## WHAT YOU WILL DO
Instruction for the entries below: return the part that opens with the line containing "Toyota Yaris Base Hatchback 5dr 2010 Blue" and closes with the line containing "2025 Hyundai i10", exactly, and no pictures.

[Saved data entries]
▽
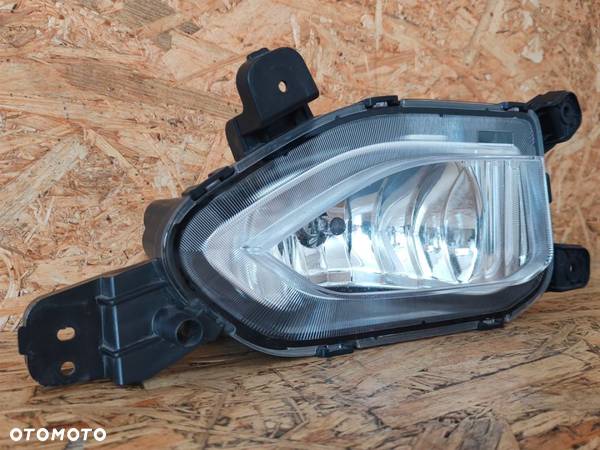 HYUNDAI KONA 17- HALOGEN PRAWY PRZÓD 92202-J9 - 2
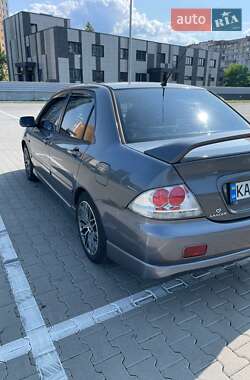 Седан Mitsubishi Lancer 2006 в Киеве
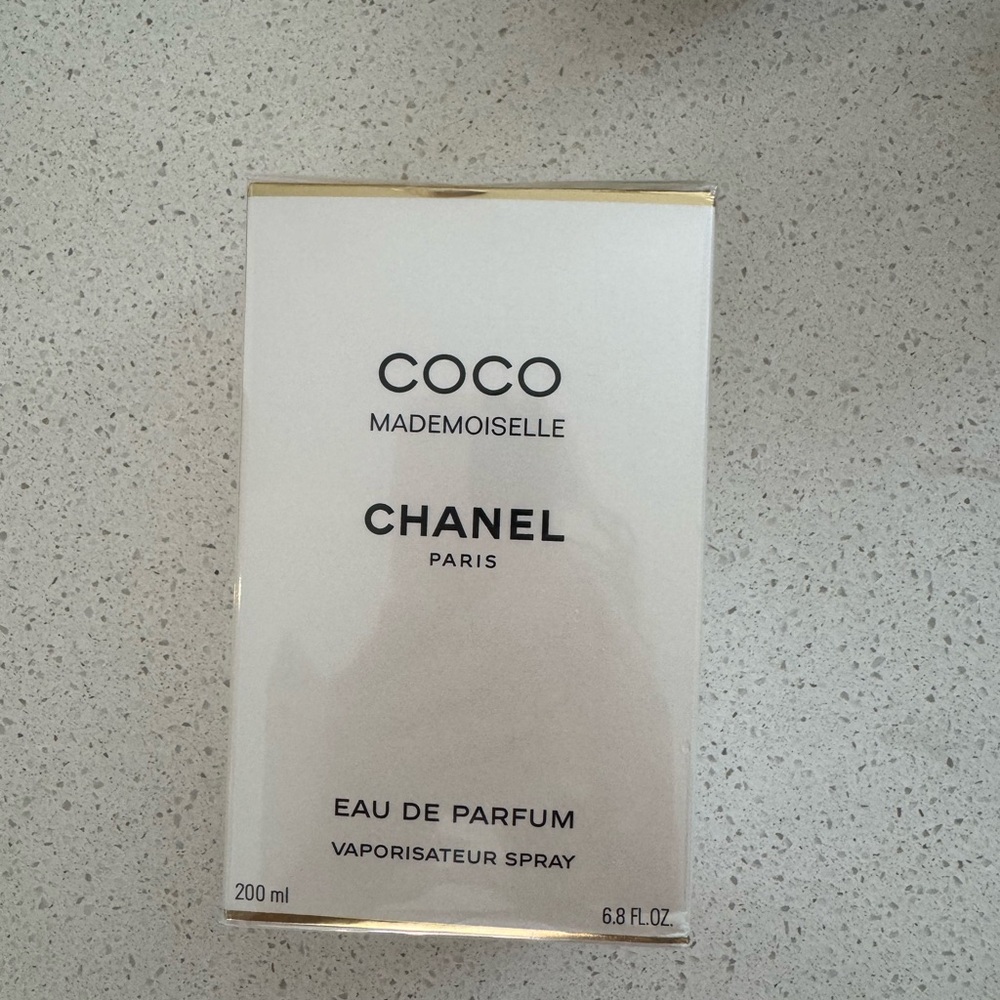 CHANEL Coco Mademoiselle Eau de Parfum - Unopened in box with plastic case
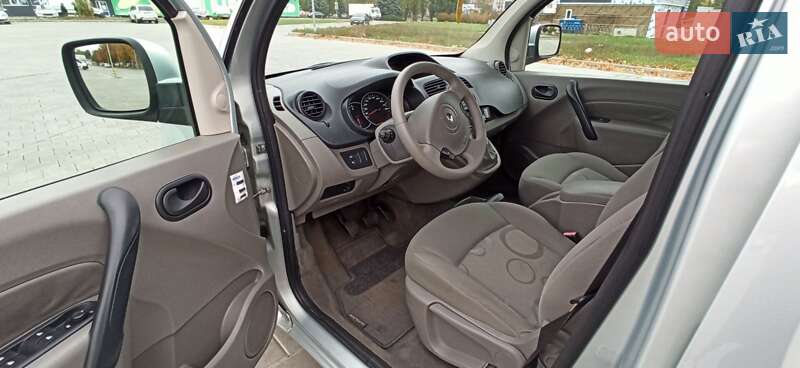 Минивэн Renault Kangoo 2009 в Черкассах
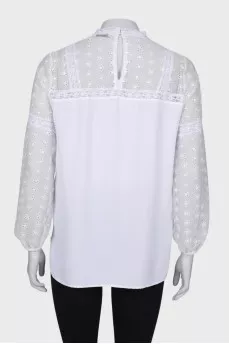 White blouse with lace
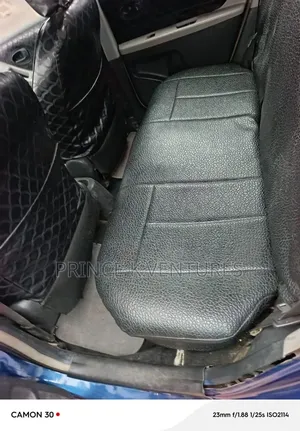 Toyota Yaris Base Hatchback 5dr 2010 Blue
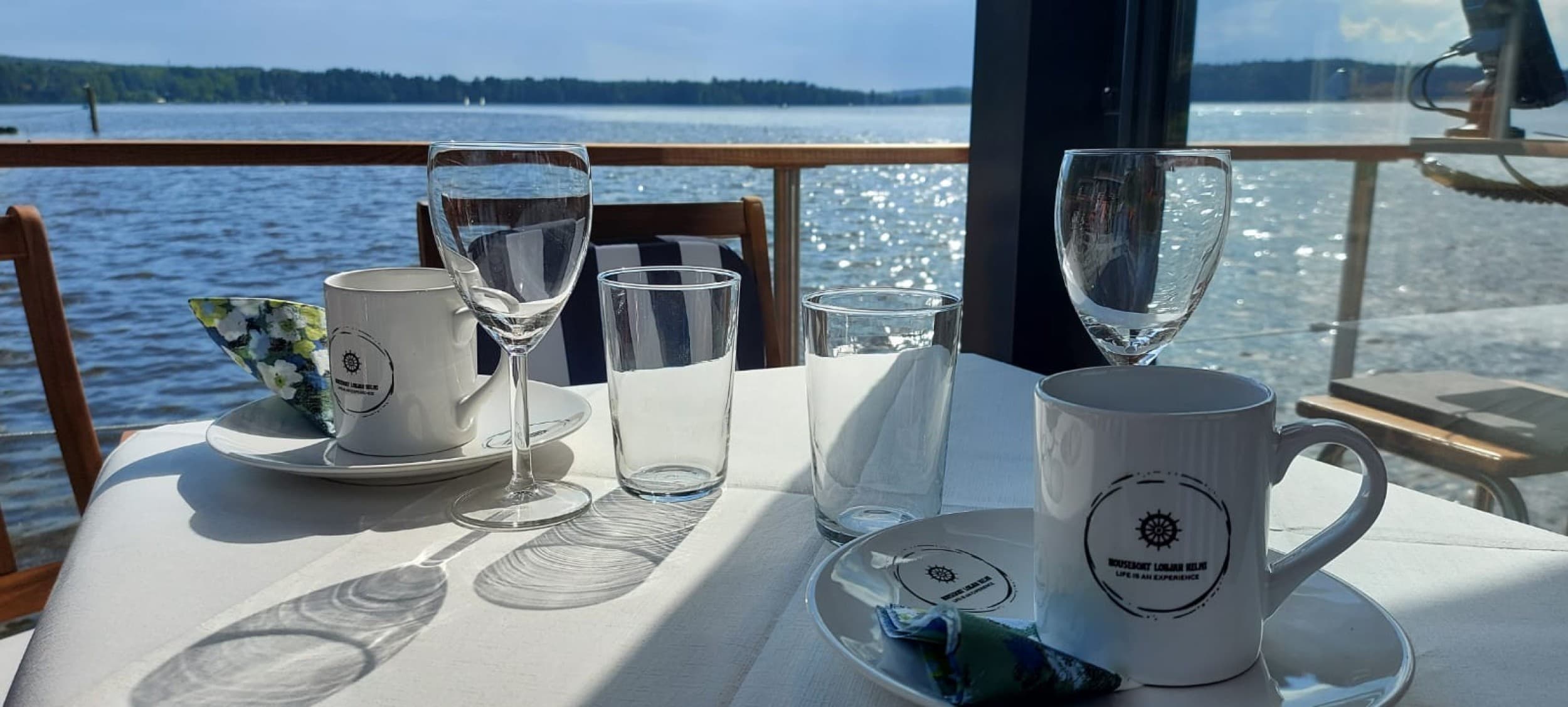 Houseboat Lohjan Helmi - 1vrk yöpyminen sesonkiaikana | Lohja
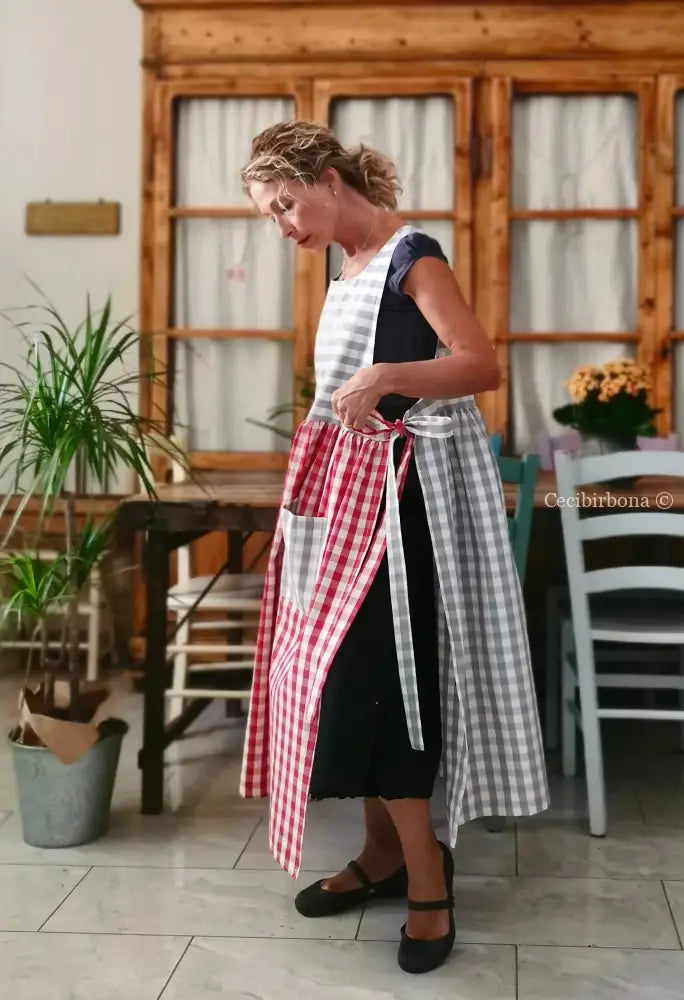 Grembiule patchwork a quadri rossi e grigi (Ref. 429) grembiule donna tessuti moderni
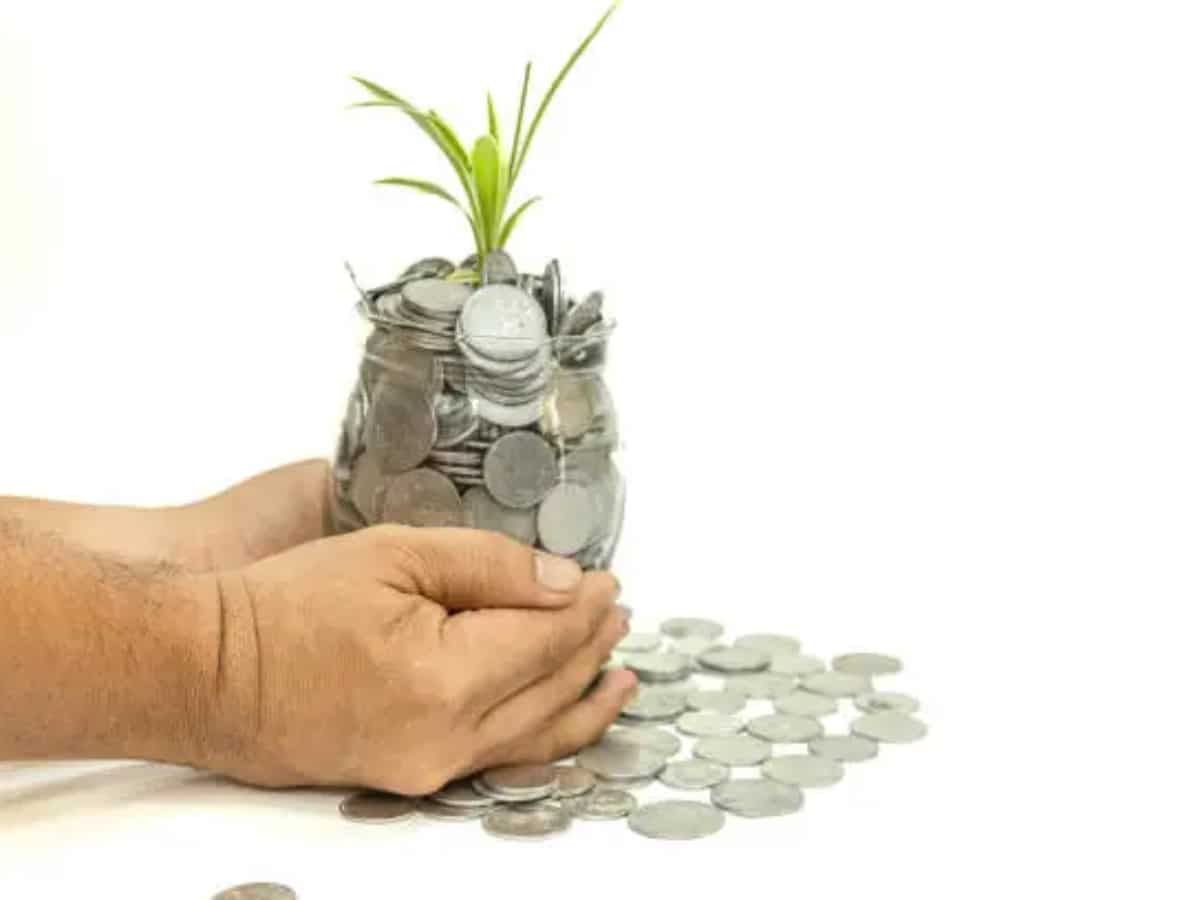 Ppf Vs Mutual Fund Sip What Will Be Your Returns On A Rs 7 500 Monthly Ppf Vs Mutual Fund Sip What Will Be Your Returns On A Rs 7 500 Monthly
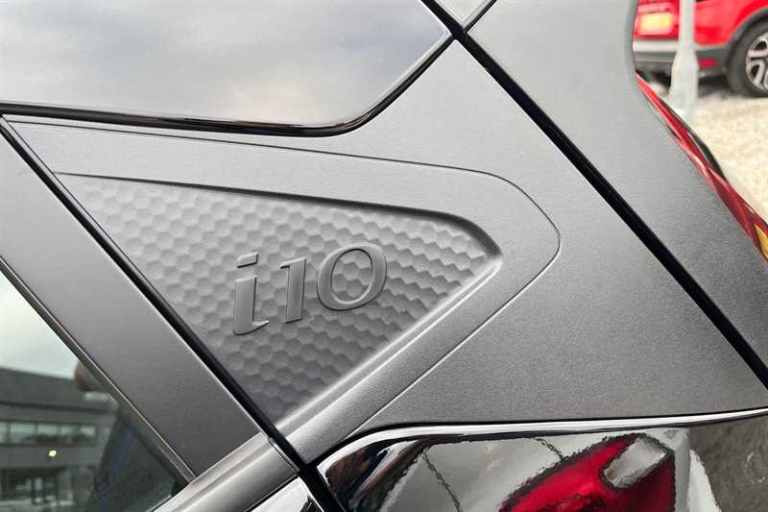 2025 Hyundai i10 1.2 Advance Hatchback 5dr Petrol Auto Euro 6 (s/s) (79 ps) Hatchback Petrol Auto...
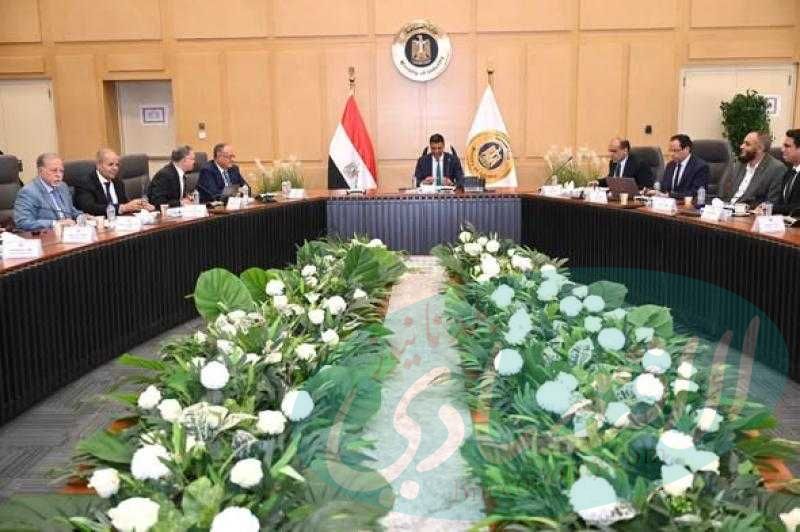 وزير الصناعة يعقد اجتماعًا موسعًا مع غرفة صناعات مواد البناء لبحث التحديات وسبل حلها بهدف تعزيز الإنتاج وزيادة الصادرات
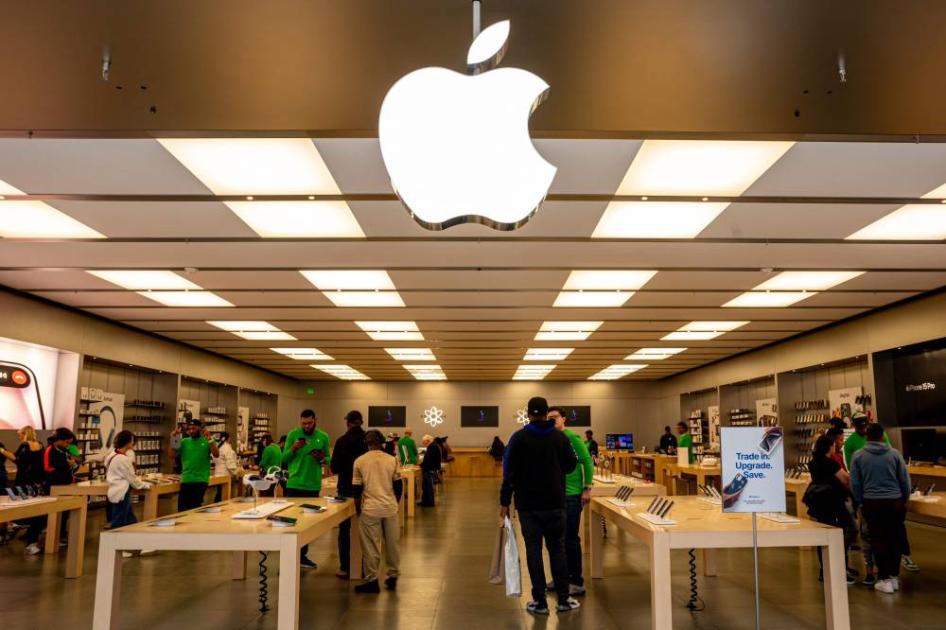 Apple Store employees in the United States vote in favor of strike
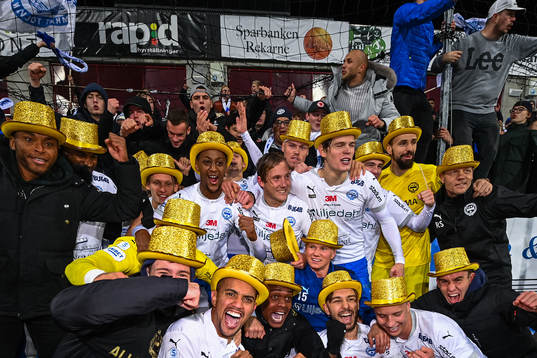 Värnamos spelare jublar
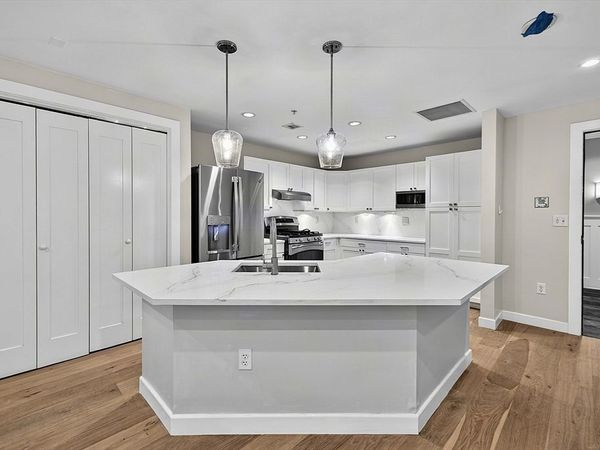 132 Chief Justice Cushing Hwy, Unit 214, Cohasset, MA 02025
△
## COMPLETED EXERCISE
 Toyota Yaris Base Hatchback 5dr 2010 Blue
 Houseboat Lohjan Helmi - 1vrk yöpyminen sesonkiaikana | Lohja
 Grembiule patchwork a quadri rossi e grigi (Ref. 429) grembiule donna tessuti moderni
 Ppf Vs Mutual Fund Sip What Will Be Your Returns On A Rs 7 500 Monthly Ppf Vs Mutual Fund Sip What Will Be Your Returns On A Rs 7 500 Monthly
 2025 Hyundai i10 1.2 Advance Hatchback 5dr Petrol Auto Euro 6 (s/s) (79 ps) Hatchback Petrol Auto...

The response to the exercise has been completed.